• WORK TO COMPLETE:
A word-for-word copy of the lines below, starting at the line with "Dish towel - Summer Meadow Theme" and ending at the last one, is what you should give. Omit every picture.

(Collected data entries)
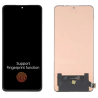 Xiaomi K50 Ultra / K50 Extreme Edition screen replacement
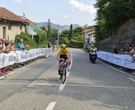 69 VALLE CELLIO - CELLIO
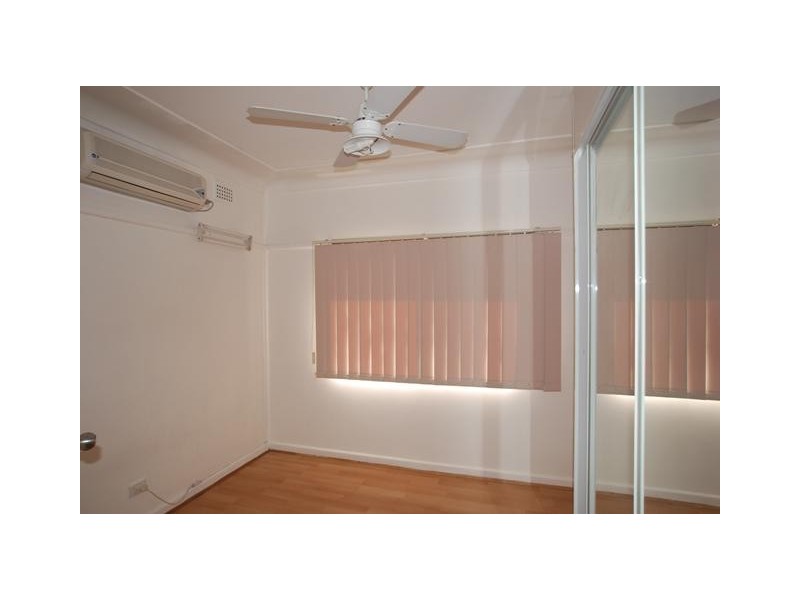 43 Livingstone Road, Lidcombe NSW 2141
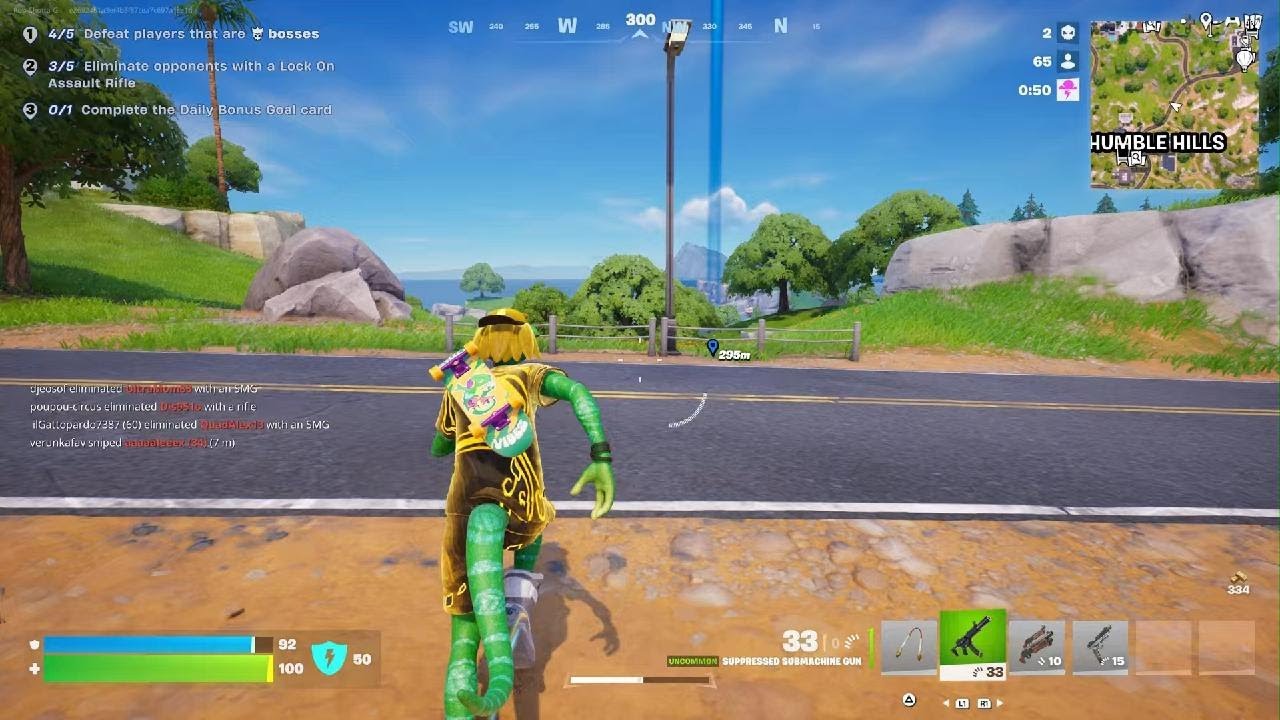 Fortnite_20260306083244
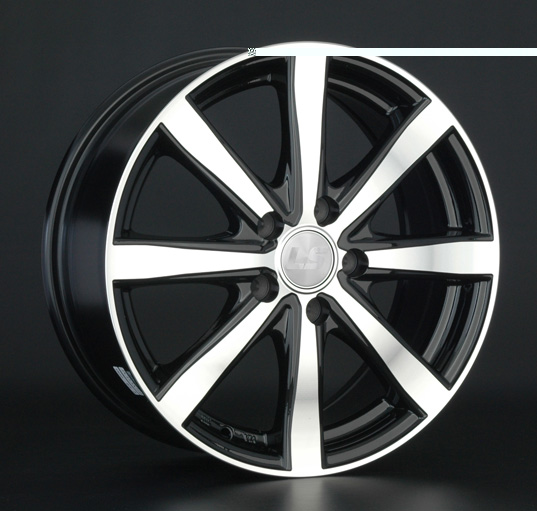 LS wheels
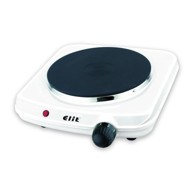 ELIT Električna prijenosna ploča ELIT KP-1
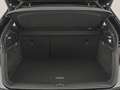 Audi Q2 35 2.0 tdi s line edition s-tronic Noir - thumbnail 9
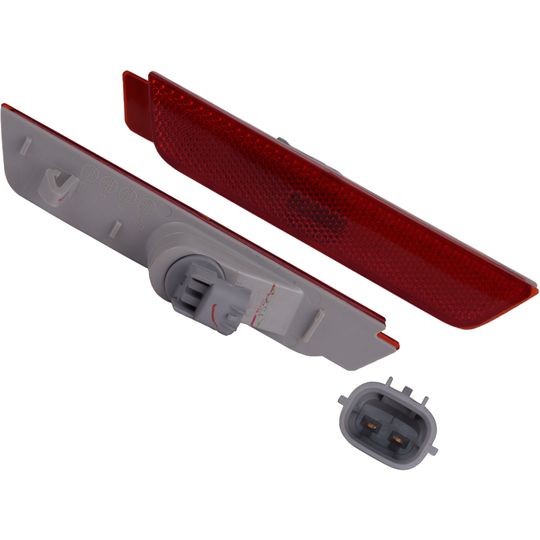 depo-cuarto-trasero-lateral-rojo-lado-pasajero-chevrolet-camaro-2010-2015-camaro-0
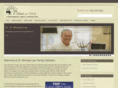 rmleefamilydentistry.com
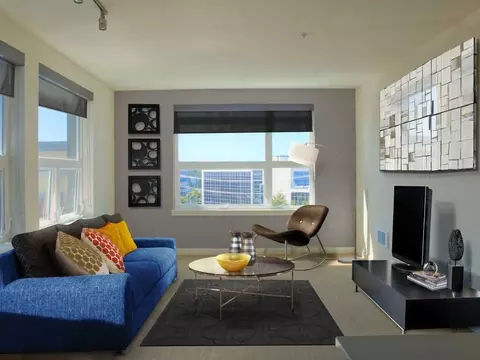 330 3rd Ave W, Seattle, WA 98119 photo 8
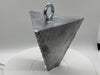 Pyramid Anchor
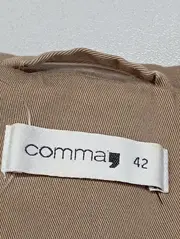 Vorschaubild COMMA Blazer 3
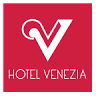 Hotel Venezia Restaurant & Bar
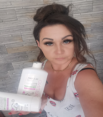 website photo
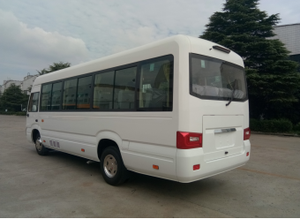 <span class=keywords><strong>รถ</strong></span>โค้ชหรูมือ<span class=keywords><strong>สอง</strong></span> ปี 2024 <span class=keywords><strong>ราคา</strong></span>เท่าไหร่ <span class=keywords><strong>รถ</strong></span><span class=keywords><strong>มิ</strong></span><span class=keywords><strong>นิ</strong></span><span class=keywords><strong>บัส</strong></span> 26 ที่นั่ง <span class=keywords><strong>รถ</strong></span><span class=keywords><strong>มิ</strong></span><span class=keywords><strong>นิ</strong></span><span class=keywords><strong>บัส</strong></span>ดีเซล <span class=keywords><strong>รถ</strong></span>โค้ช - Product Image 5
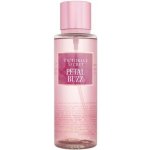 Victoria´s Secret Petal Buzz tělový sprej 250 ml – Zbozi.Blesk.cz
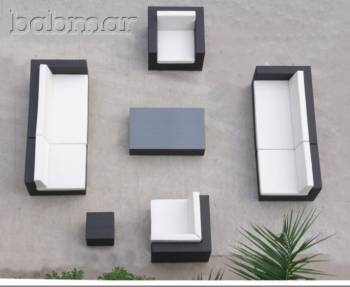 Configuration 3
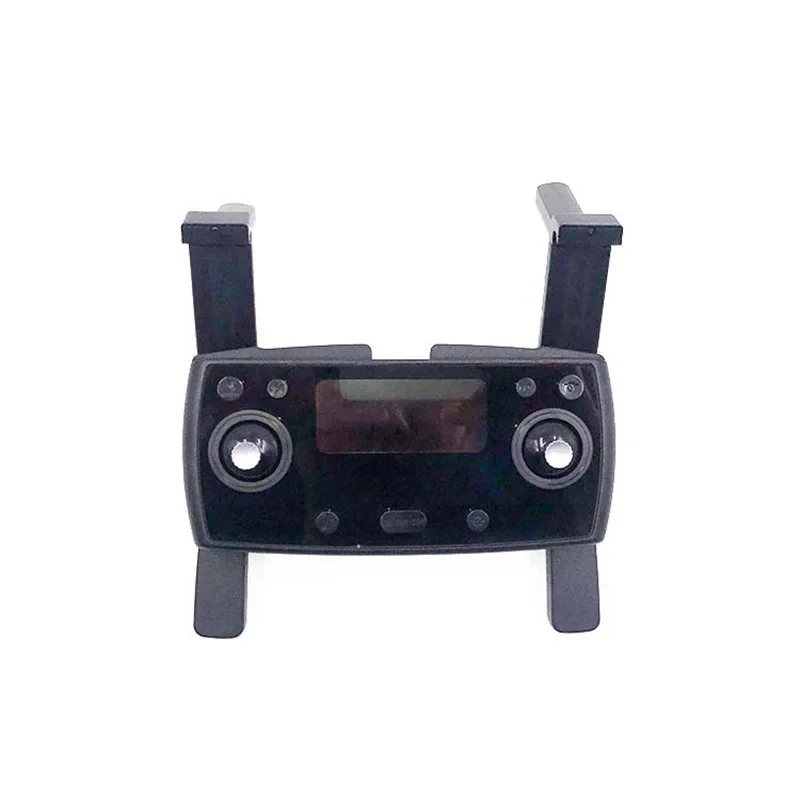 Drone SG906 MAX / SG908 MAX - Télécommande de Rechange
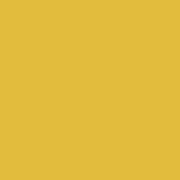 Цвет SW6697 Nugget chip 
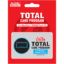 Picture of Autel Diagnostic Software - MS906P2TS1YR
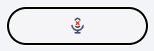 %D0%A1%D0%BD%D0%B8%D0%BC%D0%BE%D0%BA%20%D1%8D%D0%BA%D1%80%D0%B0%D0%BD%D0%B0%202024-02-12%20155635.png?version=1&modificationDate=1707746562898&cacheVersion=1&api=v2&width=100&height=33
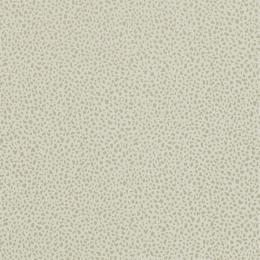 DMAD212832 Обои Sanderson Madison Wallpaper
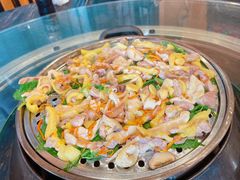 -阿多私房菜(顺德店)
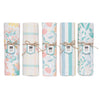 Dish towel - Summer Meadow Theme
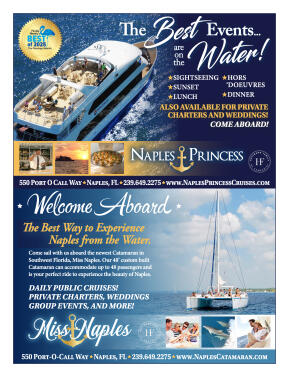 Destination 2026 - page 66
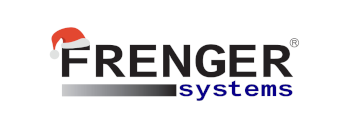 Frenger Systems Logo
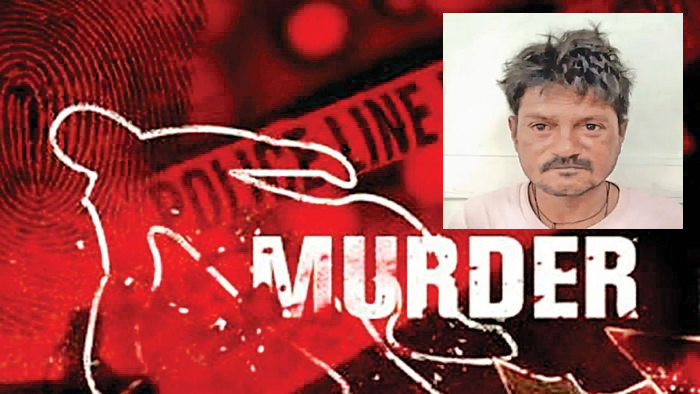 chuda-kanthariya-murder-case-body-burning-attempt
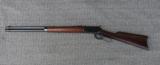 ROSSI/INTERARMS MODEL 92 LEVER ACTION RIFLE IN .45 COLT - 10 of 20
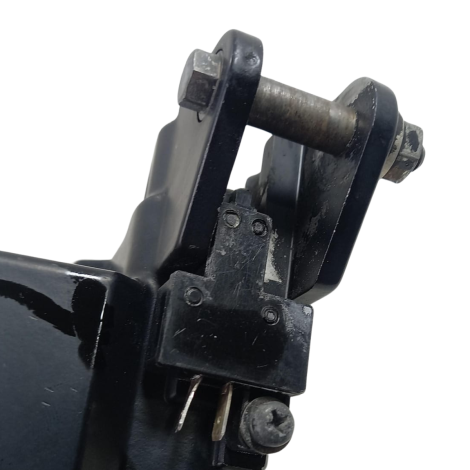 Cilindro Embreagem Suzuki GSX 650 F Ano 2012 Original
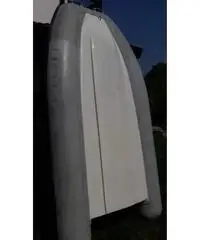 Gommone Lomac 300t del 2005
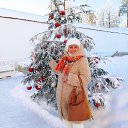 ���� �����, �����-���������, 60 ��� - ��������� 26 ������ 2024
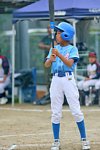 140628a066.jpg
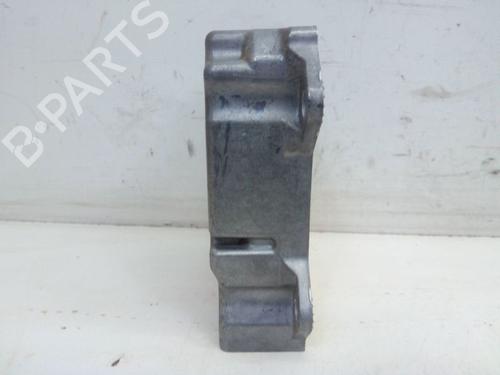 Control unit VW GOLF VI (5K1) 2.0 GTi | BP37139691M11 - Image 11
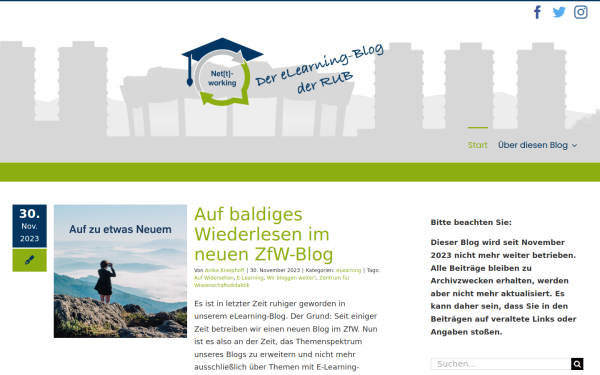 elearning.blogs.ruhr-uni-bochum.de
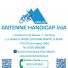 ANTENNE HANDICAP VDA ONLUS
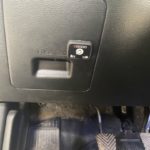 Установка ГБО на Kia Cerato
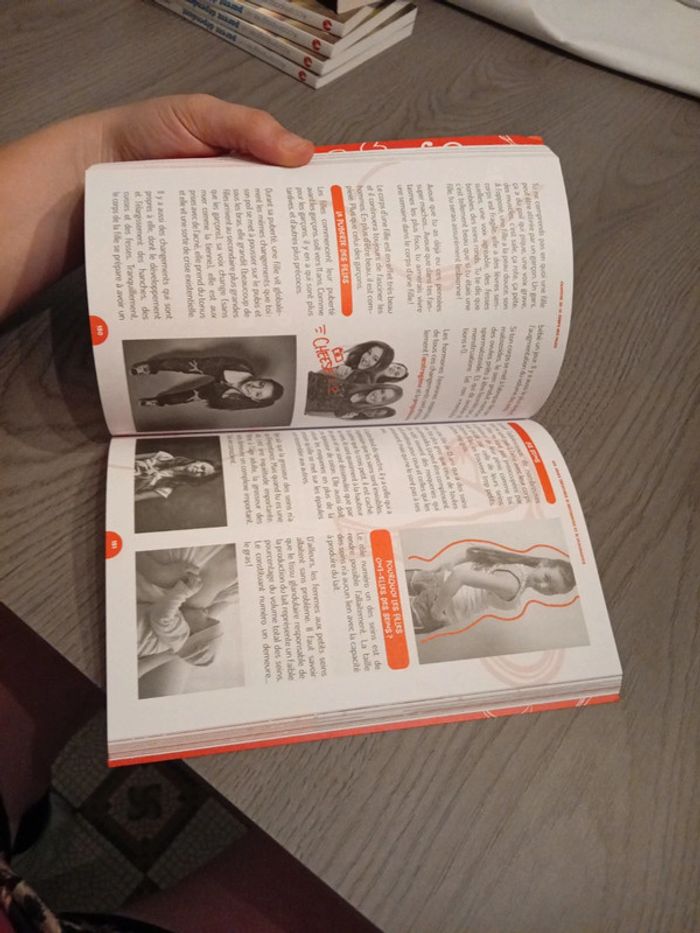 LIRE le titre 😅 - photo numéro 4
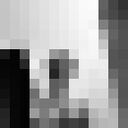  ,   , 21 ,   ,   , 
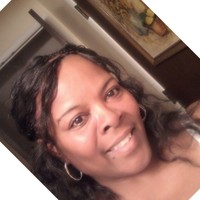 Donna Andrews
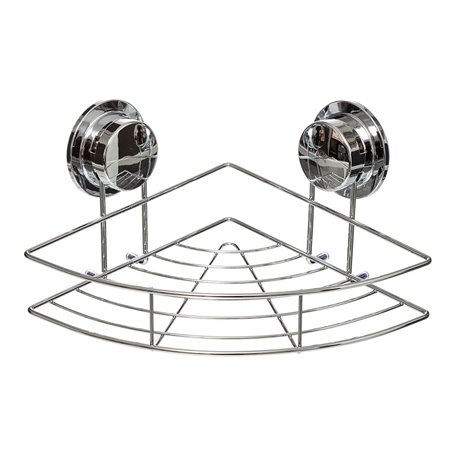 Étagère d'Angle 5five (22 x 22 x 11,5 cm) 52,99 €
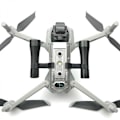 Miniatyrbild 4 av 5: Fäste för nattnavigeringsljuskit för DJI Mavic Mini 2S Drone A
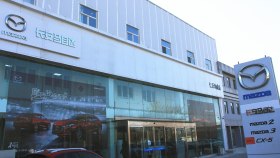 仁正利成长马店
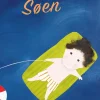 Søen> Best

• WRITTEN SOLUTION:
 Dish towel - Summer Meadow Theme
 Destination 2026 - page 66
 Frenger Systems Logo
 chuda-kanthariya-murder-case-body-burning-attempt
 ROSSI/INTERARMS MODEL 92 LEVER ACTION RIFLE IN .45 COLT - 10 of 20
 Cilindro Embreagem Suzuki GSX 650 F Ano 2012 Original
 Gommone Lomac 300t del 2005
 ���� �����, �����-���������, 60 ��� - ��������� 26 ������ 2024
 140628a066.jpg
 Control unit VW GOLF VI (5K1) 2.0 GTi | BP37139691M11 - Image 11
 elearning.blogs.ruhr-uni-bochum.de
 ANTENNE HANDICAP VDA ONLUS
 Установка ГБО на Kia Cerato
 LIRE le titre 😅 - photo numéro 4
  ,   , 21 ,   ,   , 
 Donna Andrews
 Étagère d'Angle 5five (22 x 22 x 11,5 cm) 52,99 €
 Miniatyrbild 4 av 5: Fäste för nattnavigeringsljuskit för DJI Mavic Mini 2S Drone A
 仁正利成长马店
 Søen> Best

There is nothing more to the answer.